***** Extracted material

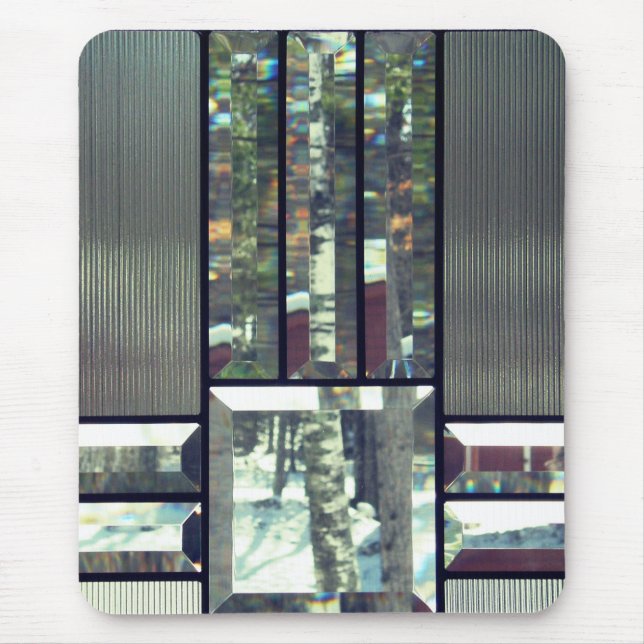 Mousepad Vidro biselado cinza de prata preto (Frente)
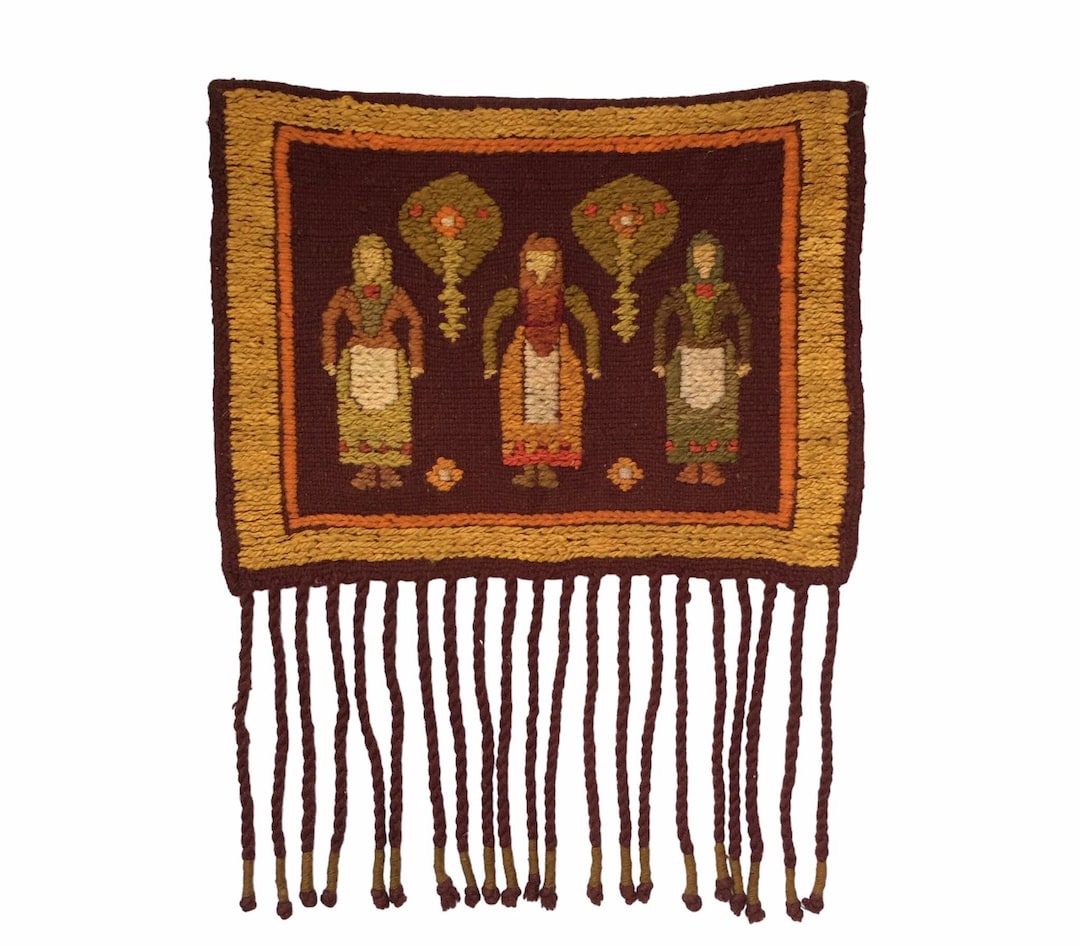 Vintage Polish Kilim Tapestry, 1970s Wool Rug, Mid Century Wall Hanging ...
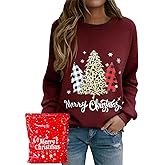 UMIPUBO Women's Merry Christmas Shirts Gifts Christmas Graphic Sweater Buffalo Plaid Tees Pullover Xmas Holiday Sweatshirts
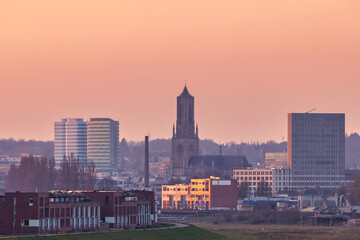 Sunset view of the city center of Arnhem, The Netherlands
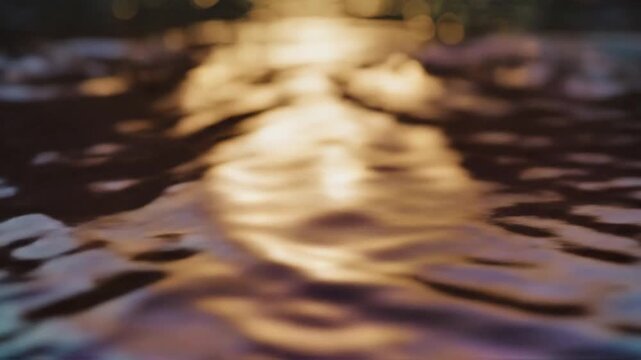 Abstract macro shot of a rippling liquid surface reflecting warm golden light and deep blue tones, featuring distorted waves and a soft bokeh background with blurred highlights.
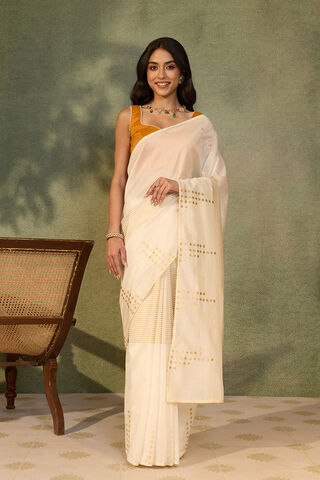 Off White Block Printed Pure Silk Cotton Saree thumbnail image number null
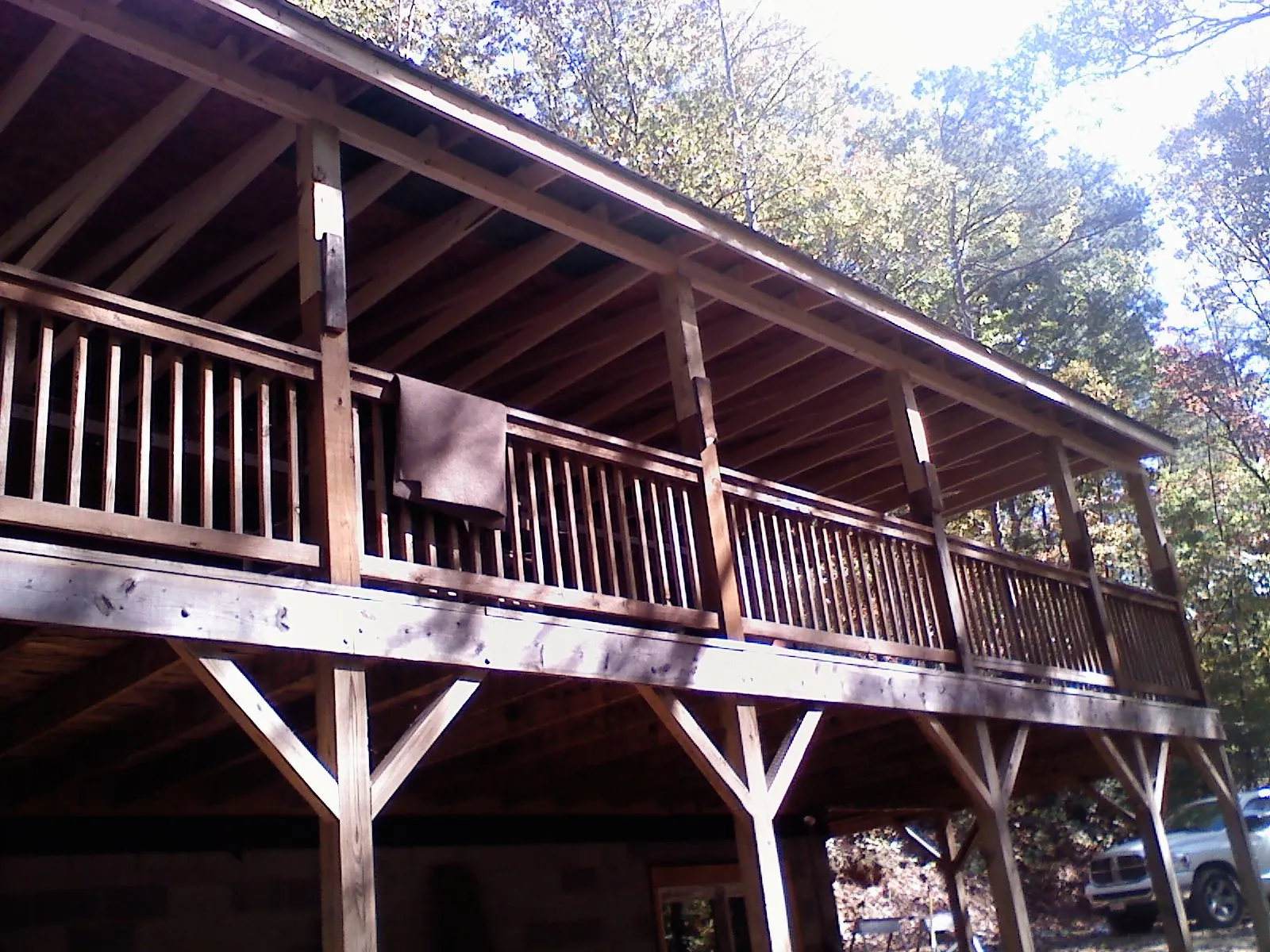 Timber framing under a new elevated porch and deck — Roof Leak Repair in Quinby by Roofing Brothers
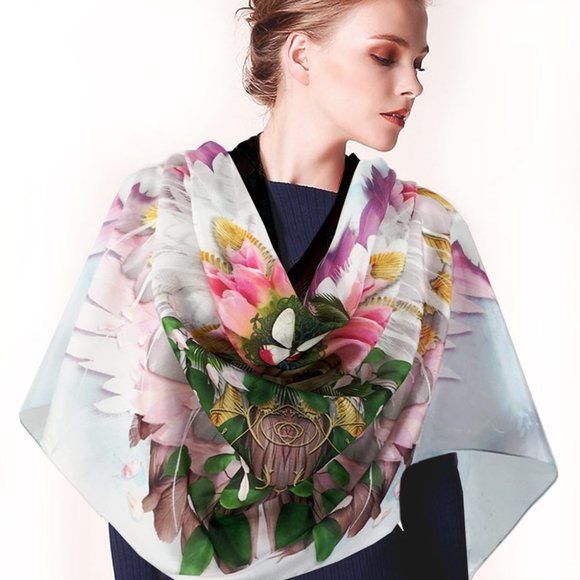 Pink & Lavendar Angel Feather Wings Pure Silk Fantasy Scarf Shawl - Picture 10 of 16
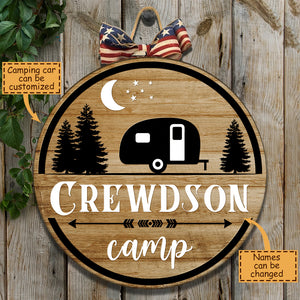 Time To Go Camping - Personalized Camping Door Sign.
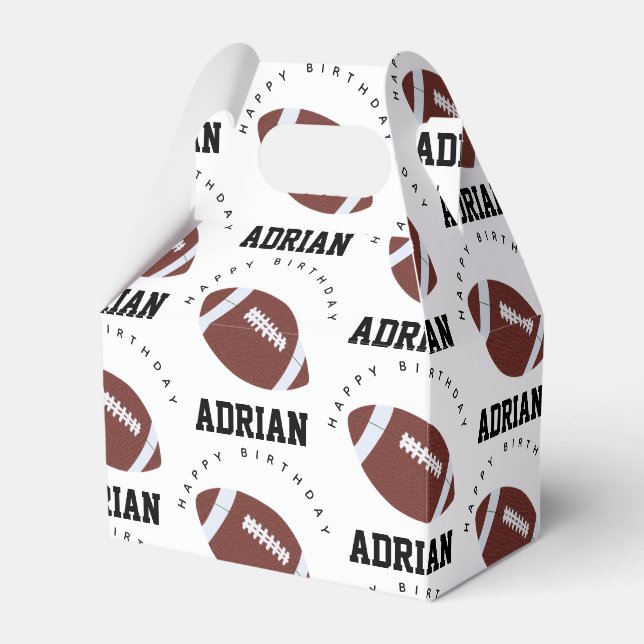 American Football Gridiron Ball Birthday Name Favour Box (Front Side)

**********

:: Your assignment ::
The answer must consist solely of the lines from the line containing "Off White Block" to the end of the data, reproduced exactly, with every picture left out.

:: Answer to this problem ::
 Off White Block Printed Pure Silk Cotton Saree thumbnail image number null
 Timber framing under a new elevated porch and deck — Roof Leak Repair in Quinby by Roofing Brothers
 Pink & Lavendar Angel Feather Wings Pure Silk Fantasy Scarf Shawl - Picture 10 of 16
 Time To Go Camping - Personalized Camping Door Sign.
 American Football Gridiron Ball Birthday Name Favour Box (Front Side)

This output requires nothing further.